The ongoing resilience being demonstrated in the milk market must force processors to rethink their milk pricing strategy as Irish farmers head towards peak production, according to the Irish Creamery Milk Suppliers’ Association (ICMSA).
Speaking on the topic, the organisation’s dairy committee chairperson Gerald Quain said that, while he recognised that dairy markets had weakened in the last few months of 2017 and that some pressure was exerted on prices, he is adamant that the improvement shown since the start of 2018 has to be acknowledged and factored in.
“The increase in Dutch quotes for butter and whole milk powder (WMP) in the last few weeks have been matched by other European quotes and indicators – and should be justification for processors to keep milk prices at current levels,” he said.
The dairy chairperson quoted from the report, noting: “I was especially struck by this analysis from the UK body that ‘despite good milk flows throughout the EU, demand for fats pulled prices up quite considerably in February, causing a price spike both in physical and future markets’.

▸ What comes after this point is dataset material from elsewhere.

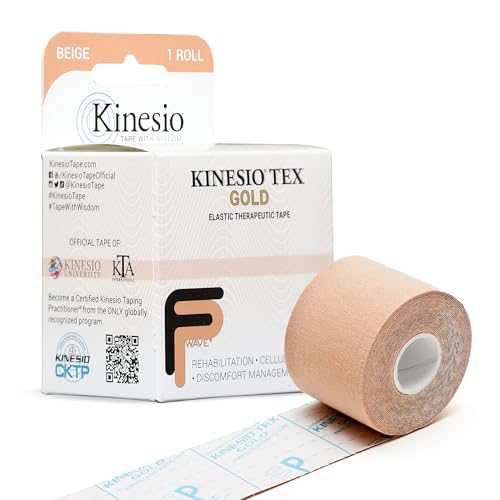 Kinesio Taping - Elastic Therapeutic Athletic Tape Tex Gold FP - Beige – 2 in. x 16.4 ft - color: Beige, size: 1 Count (Pack of 1)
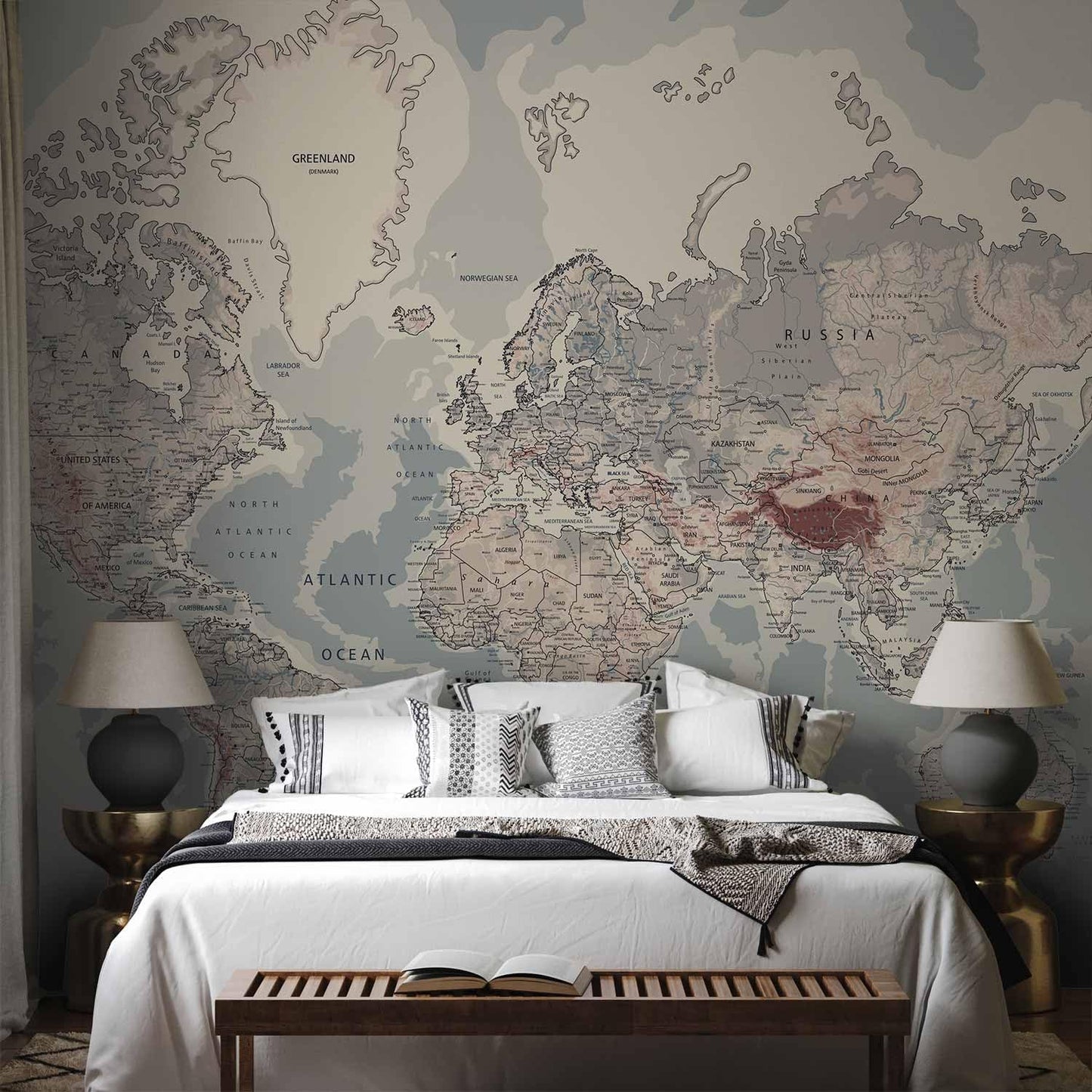 artgeist Premium Wall Mural World Map 118x83 in - XXL Non-Woven Wallpaper Fleece Wall Decor Photo Print Picture Image Design Home Map of The World k-A-0061-a-c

“The ICMSA has been saying for some time now that this conditioning of farmers into accepting a fall in their milk price must stop and the reality of the markets – which is a continued resilience – needs to be acknowledged,” he said.
It was observed that ADHB has put the present increase in price “down to rising demand in the EU as buyers look to secure supplies for the Easter period” thus “adding pressure to an already thin market”.
The processors should therefore hold milk prices at their current level for the coming months Quain concluded.